Here is an example access_log for testing. This is real data, trimmed to keep the output relatively simple, and the IP addresses have been modified to protect the privacy of visitors to the web site. Using this input file, output might look like this:

% ./homework-06-script

/gencon-indy-2009.cgi/type/TCG/Magic_The_Gathering
    2 "http://www.teammeandeck.com/index.php?topic=31207.msg449498;boardseen"
    16 "http://www.themanadrain.com/index.php?topic=37686.0"
    2 "http://www.mtgthesource.com/forums/showthread.php?t=13019"
    7 "http://www.teammeandeck.com/index.php?topic=31207.0"
    2 "http://www.themanadrain.com/index.php?topic=37686.msg525960;boardseen"
    13 "-"
    3 "http://www.teammeandeck.com/index.php?topic=31207.0;topicseen"

/gencon-indy-2009.cgi/event/SEM0902117
    2 "http://www.rpgblog2.com/"
    2 "http://twitturls.com/"
    42 "-"

/gencon-indy-2009.cgi/event/TCG0905629
    4 "http://forums.mtgsalvation.com/showthread.php?p=3782810"
    22 "http://www.themanadrain.com/index.php?topic=37686.0"
    387 "http://forums.mtgsalvation.com/showthread.php?t=157666"
    26 "-"
    2 "http://www.themanadrain.com/index.php?topic=37686.msg524752"
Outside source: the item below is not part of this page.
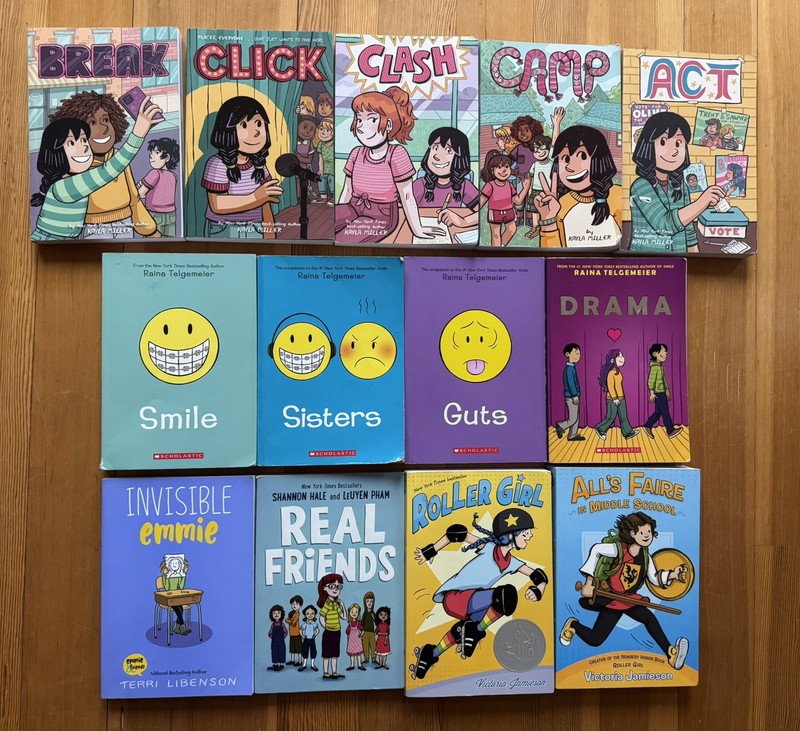 Lot of 13 Girl Preteen Graphic Novels Raina Telgemeier, Kayla Miller, Jamieson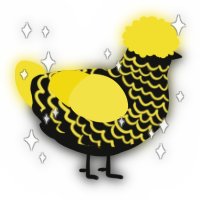 A black and yellow chicken with a lace pattern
/gencon-indy-2009.cgi/event/ZED0905139
    7 "-"
    2 "http://community.gencon.com/forums/p/20022/222834.aspx"
    15 "http://community.gencon.com/forums/t/20022.aspx"

/gencon-indy-2009.cgi/group/
    3 "http://forum.rpg.net/showthread.php?p=10286372"
    15 "http://forum.rpg.net/showthread.php?t=450129"
    58 "-"
    151 "http://gencon.highprogrammer.com/gencon-indy-2009.cgi"

/gencon-indy-2009.cgi/event/SEM0900278
    2 "http://community.gencon.com/forums/p/19852/221347.aspx"
    15 "-"

/gencon-indy-2009.cgi/type/SPA/All_events
    5 "http://blog.craftzine.com/2.html"
    2 "http://www.google.com/reader/view/?tab=cy"
    11 "http://www.google.com/reader/view/"
    3 "http://www.google.com/reader/view/?tab=my"
    88 "-"
    28 "http://blog.craftzine.com/"
    21 "http://blog.craftzine.com/archive/2009/04/gen_con_gets_crafty.html"

Given this report, we can see that /gencon-indy-2009.cgi/event/SEM0902117 was requested 46 times. 2 of those times the visitor came from rpgblog2, twice the visitor came from twitturls.com, and 42 times the referrer information was not available.

Reminders

Do the work yourself, consulting reasonable reference materials as needed; any reference material that gives you a complete or nearly complete solution to this problem or a similar one is not OK to use. Asking the instructors for help is OK, asking other students for help is not.

Hand In

A printout of your output on a single sheet of paper. Be sure to put your own name in the initial comment block of the code. Identifying your work is important, or you may not receive appropriate credit.